** Data for this exercise **
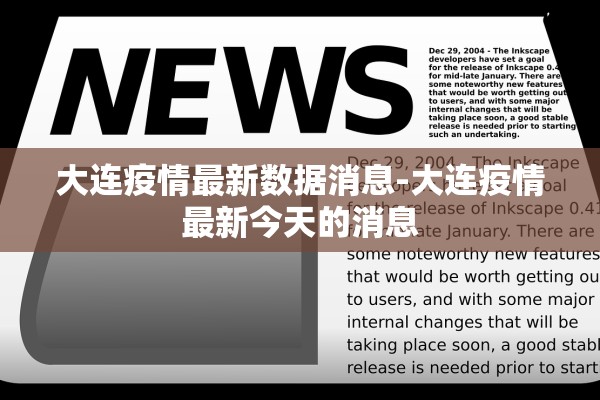 大连疫情最新数据消息-大连疫情最新今天的消息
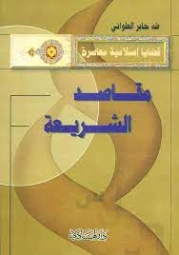 مقاصد الشريعة | طه جابر العلواني | الديانة الإسلامية | 120992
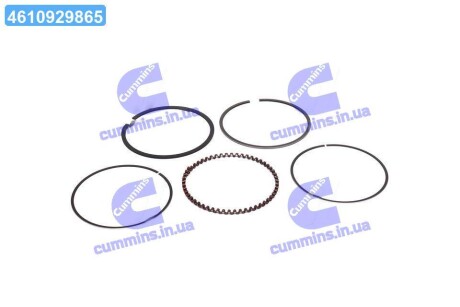 Кільця поршневі MAZDA 86.5 (1.5/1.5/4) F8/FE 82- (KS) KOLBENSCHMIDT 800048910050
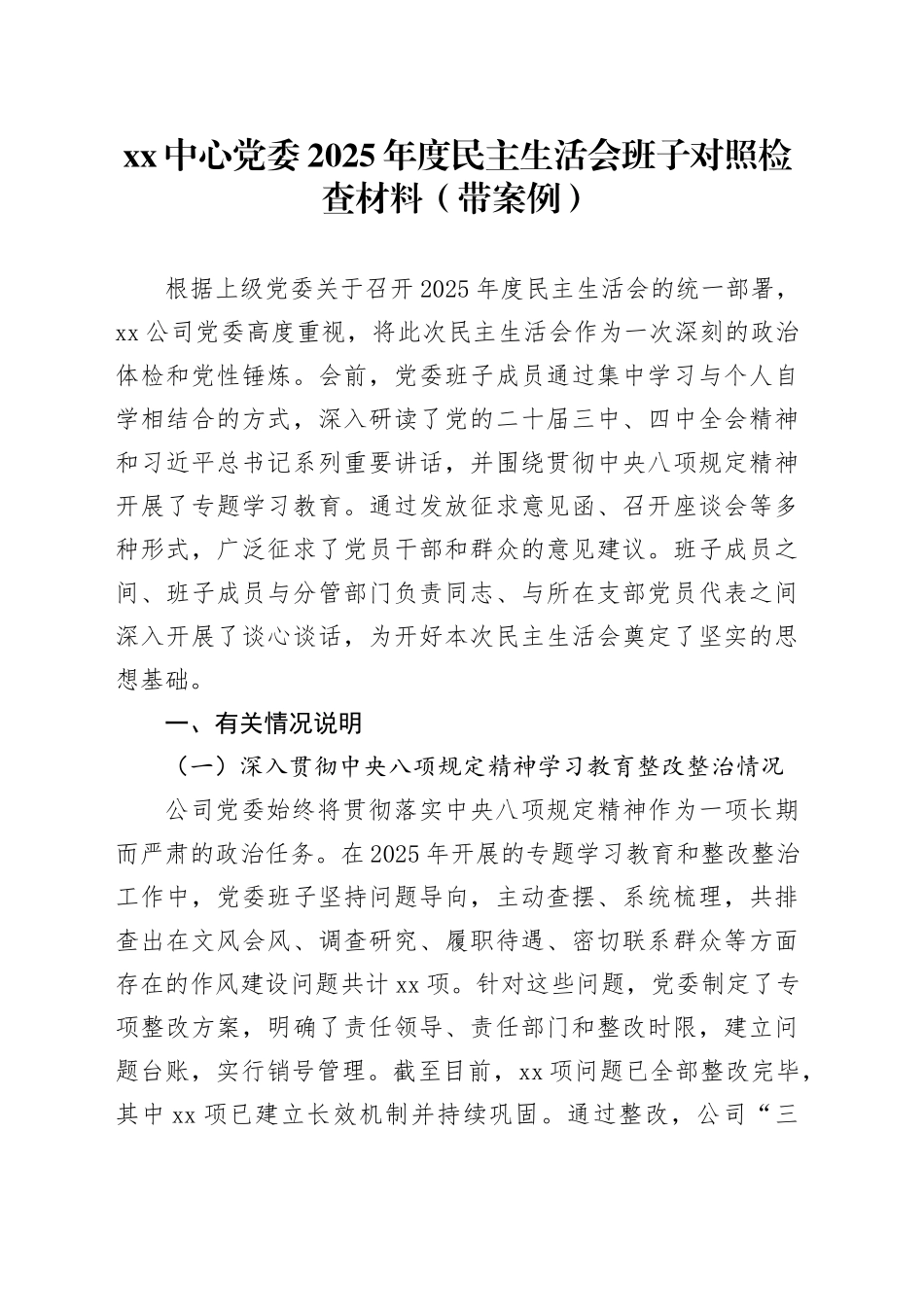XX中心党委2025年度民主生活会班子对照检查材料（带案例）20260121_第1页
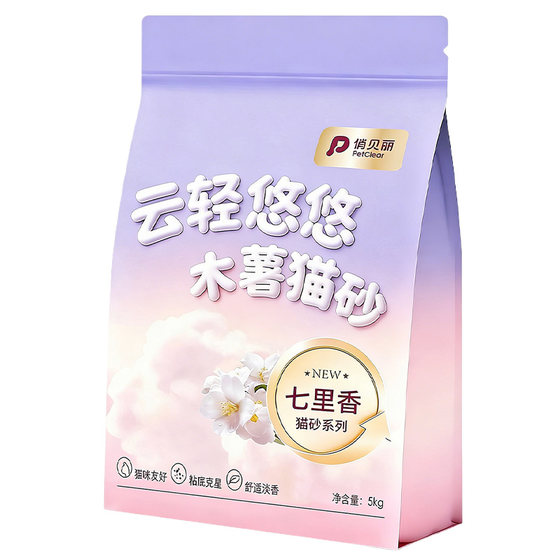 
Cat litter cassava cat litter powerful deodorization almost low dust plant litter mixed with tofu bentonite mineral sand 20*0.5kg free shipping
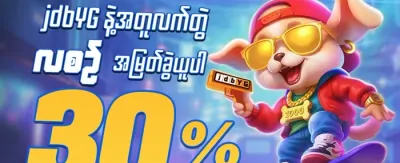 သူငယ်ချင်းဖိတ်ခေါ်မှု ဘောနပ်စ် promotional banner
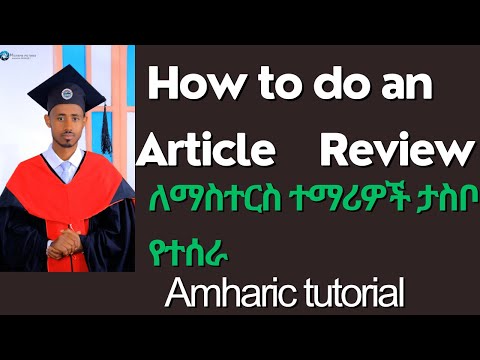 How to write article review in Amharic tutorial #education #educationalvideo #educational #blogging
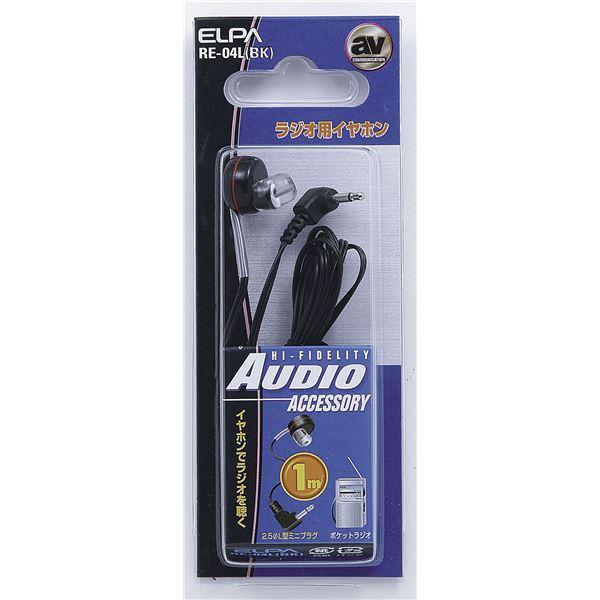 業務用セット　ELPA ラジオ用イヤホン 2.5φL型超ミニプラグ ブラック 1m RE-04L（BK） ×30セット AV デジモノ イヤホン ヘッドホン[▲][TP]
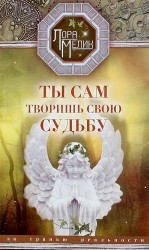 Ты сам творишь свою судьбу. За гранью реальности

** Your instructions **
Output an exact copy of the lines from the one with "業務用セット　ELPA ラジオ用イヤホン 2.5φL型超ミニプラグ" through the closing line of the records, inclusive, without any images.

** Expected output **
 業務用セット　ELPA ラジオ用イヤホン 2.5φL型超ミニプラグ ブラック 1m RE-04L（BK） ×30セット AV デジモノ イヤホン ヘッドホン[▲][TP]
 Ты сам творишь свою судьбу. За гранью реальности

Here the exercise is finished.